The Translation API returns your original transcript response with an additional translated_texts key containing the translations. When match_original_utterance is enabled with speaker_labels, each utterance in the utterances array will also include its own translated_texts key.

1 {
2   "id": "735d90b6-2e8b-4748-b75d-d02b78eb7811",
3   "status": "completed",
4   "text": "Smoke from hundreds of wildfires in Canada is triggering air quality alerts throughout the US...",
5   "translated_texts": {
6     "es": "El humo de cientos de incendios forestales en Canadá está provocando alertas de calidad del aire en todo Estados Unidos...",
7     "de": "Rauch von Hunderten von Waldbränden in Kanada löst in den gesamten USA Luftqualitätswarnungen aus..."
8   },
9   "speech_understanding": {
10     "request": {
11       "translation": {
12         "formal": true,
13         "target_languages": ["es", "de"]
14       }
15     },
16     "response": {
17       "translation": {
18         "status": "success"
19       }
20     }
21   }
22 }

Key	Type	Description
`translated_texts`	object	An object containing the translated texts, where each key is a language code and each value is the full translated transcript text.
`utterances[].translated_texts`	object	(When `match_original_utterance` is `true`) An object containing the translations for this specific utterance, with language codes as keys.
`speech_understanding`	object	Container for speech understanding request and response information.
`speech_understanding.request`	object	The original translation request configuration that was submitted.
`speech_understanding.request.translation`	object	The translation parameters that were used.
`speech_understanding.response`	object	The response information from the translation process.
`speech_understanding.response.translation`	object	Status information about the translation.
`speech_understanding.response.translation.status`	string	The status of the translation. Will be `"success"` when translation completes successfully.

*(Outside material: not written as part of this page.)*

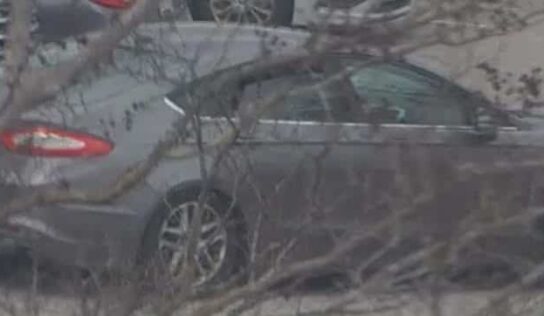 Prattville police search for Target theft suspects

Key differences from standard transcription

Field	Standard Transcription	With Translation
`translated_texts`	Not present	Object with language codes as keys and translated texts as values
`speech_understanding`	Not present	Object containing the translation request and response details

All other fields from the original transcript (text, words, utterances, confidence, etc.) remain unchanged.